For starters, most customers only interact with their bank when something goes wrong or when they need something. You don't browse a bank's website for fun. You don't pop in for a casual visit. Nearly every interaction is transactional—and transactions are either smooth (forgettable) or frustrating (memorable for the wrong reasons). That means the window for creating positive emotional connections is narrow.
Add to that the competitive pressure from fintechs and neobanks. These digital-first players have set expectations for speed, simplicity, and design that traditional institutions struggle to match. A credit union with a 30-year-old core system and a patchwork of digital tools isn't on a level playing field with the frictionless experience that younger customers expect.
Then there's the channel fragmentation problem. Most banks and credit unions operate with multiple disconnected systems for voice calls, chat, email, and in-person interactions. A customer who starts a conversation on your website and then calls in has to re-explain everything. That's not just annoying—it signals to the customer that your institution doesn't really know them. And if you don't know them, how can you exceed their expectations?
Turning the Framework into Action: What CX Leaders Should Do Differently
Knowing the SUPER framework is one thing. Applying it inside a financial institution with compliance requirements, legacy technology, and tight budgets is another. Here are the operational shifts that actually move the needle on customer loyalty in banking.

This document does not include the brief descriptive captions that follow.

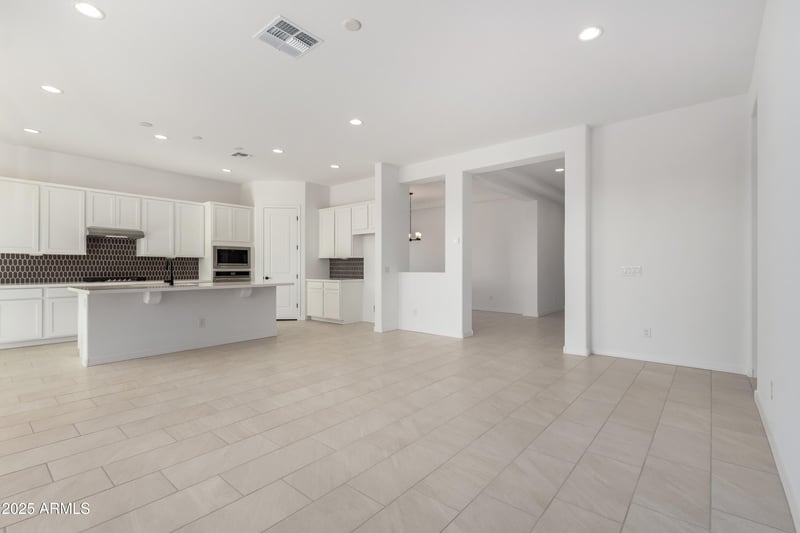 16417 Christy Dr, Surprise, AZ 85388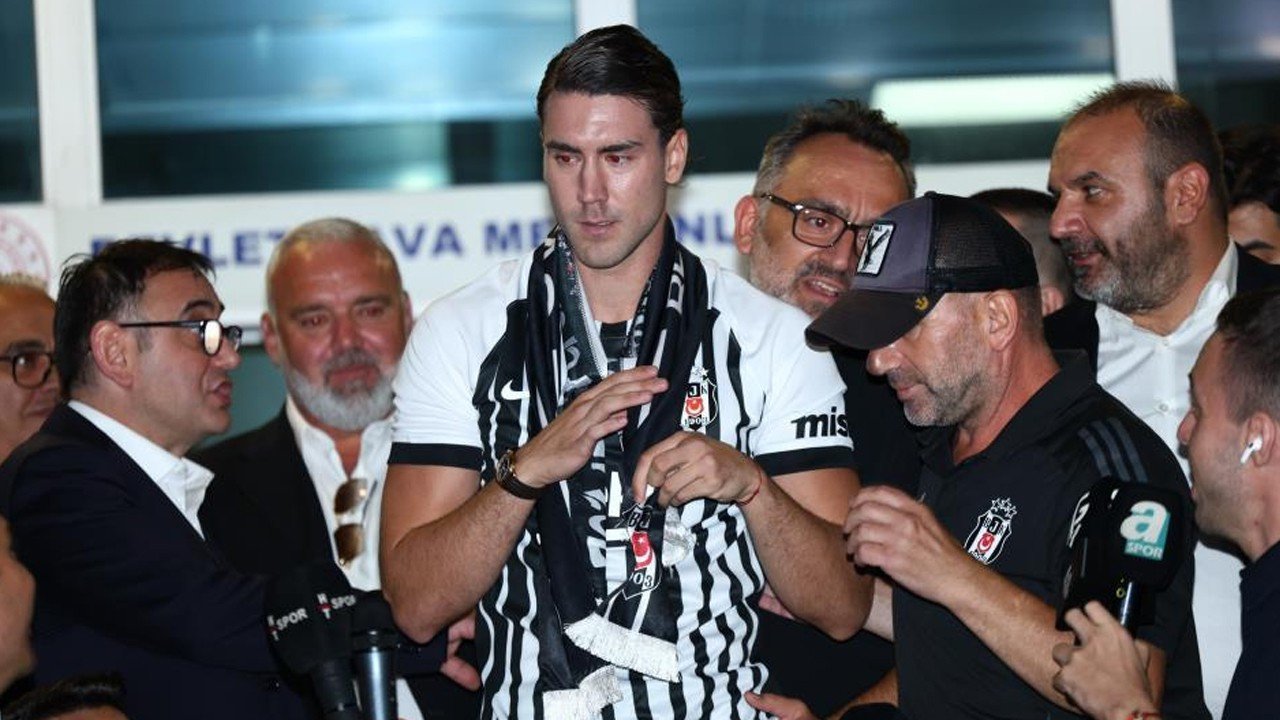 Beşiktaş, Dusan Vlahovic’i UEFA listesine ekledi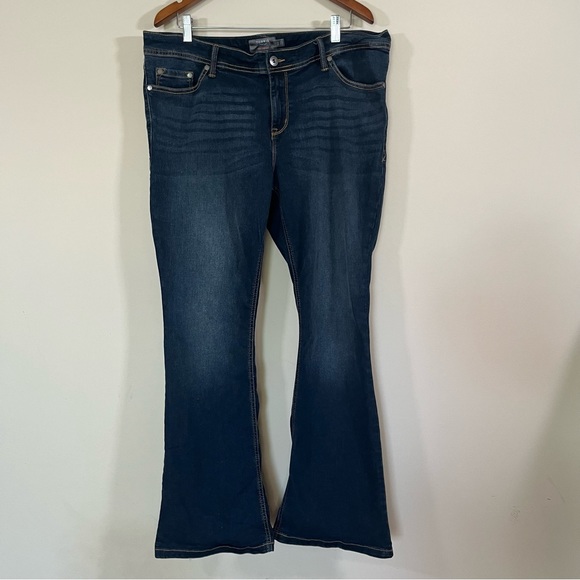 Torrid Luxe Slim Boot Jeans Women’s Sz 16R Cotton Blend Bootcut - Picture 3 of 9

Deploy an AI Workforce Built for Banking
A banking AI workforce ditches the frustrating "press one for sales" menus for a personalized greeting that actually knows who’s calling. By recognizing a member's recent digital activity right away, the AI instantly hits the "U" (Understand Your Customer’s Story) in the SUPER framework. It’s a fast, personal touch that makes people feel like valued members instead of just another ticket in a queue.
By knocking out high-volume, routine tasks like balance checks and routing numbers 24/7, AI agents give your operational efficiency a massive boost. This clears the deck for your human team to handle the complex, high-stakes conversations that need real empathy. It shifts your staff away from repetitive data retrieval and toward building the emotional connections that turn standard account holders into obsessed superfans.

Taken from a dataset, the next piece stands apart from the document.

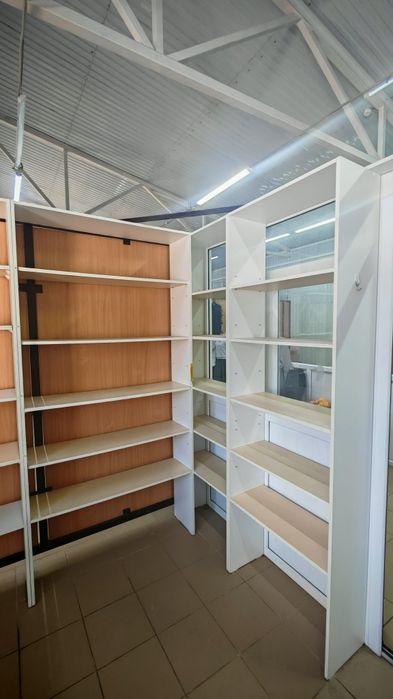 Продам торговые стеллажи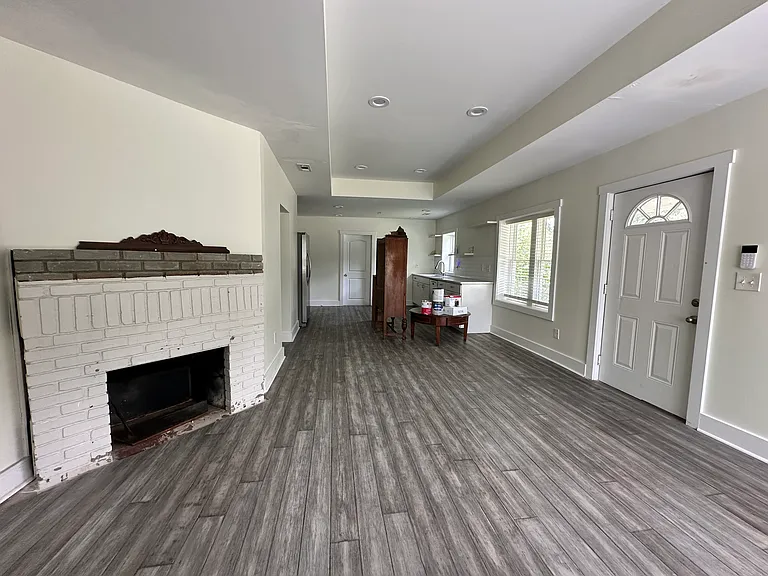 490 Barnett Dr — Photo 2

To keep that service top-tier, AI CoPilots act like an over-the-shoulder mentor for your team, surfacing the right answers in real time so agents never have to use the hold button or juggle multiple systems, including your knowledge database, for answers. Meanwhile, AI analysts give managers instant insights across 100% of interactions. This data lets leadership move past random sampling and offer the kind of targeted coaching that helps every agent level up their service.
Connect Every Channel into a Single Conversation
A huge barrier to creating superfans is fragmented technology. When your AI workforce, phone system, digital chat, video banking, and CoBrowsing tools all run on different platforms, your agents can't possibly deliver the personalized, context-rich experience that the SUPER framework demands.
Financial institutions that have consolidated their interaction channels into a unified banking AI platform report meaningful improvements in customer satisfaction. When an agent can see the full history of a member's interactions—regardless of which channel they came through—they can pick up where the last conversation left off. That's the kind of understanding-your-customer's-story that Hodak describes, operationalized through technology.
Glia's unified Banking AI Platform was built for exactly this scenario. It brings voice, digital messaging, video, and AI-powered tools together on a single platform designed for financial services. Instead of managing four or five separate vendor relationships, institutions can run every interaction through one system—which means every agent sees the same customer context, every time.
Empower Agents to Go Beyond the Script
You can't create superfans with scripted interactions. Agents need the tools, the context, and the permission to treat each customer as an individual. That means real-time access to interaction history, the ability to seamlessly escalate from chat to voice to video without losing context, and AI-powered suggestions that help agents anticipate what a customer might need.
When an agent can see that a member called last week about a declined debit card, chatted yesterday about setting up alerts, and is now calling about a suspicious charge—and can reference all of that without asking the customer to repeat it—the interaction transforms. It goes from transactional to relational.
Measure What Actually Matters
Net Promoter Score (NPS)—a metric that measures how likely customers are to recommend an institution to others—gets a lot of attention in banking, and it's a useful directional metric. But NPS alone doesn't tell you why customers are or aren't advocates. To understand the drivers of customer loyalty in banking, you need to combine NPS with interaction-level data: how quickly was the issue resolved? Did the customer have to repeat themselves? Was the interaction handled in their preferred channel? Did they get transferred multiple times?
Institutions that track these granular metrics alongside overall satisfaction scores can identify specific breakdowns in the customer journey—and fix them. That's how you turn a detractor into a promoter.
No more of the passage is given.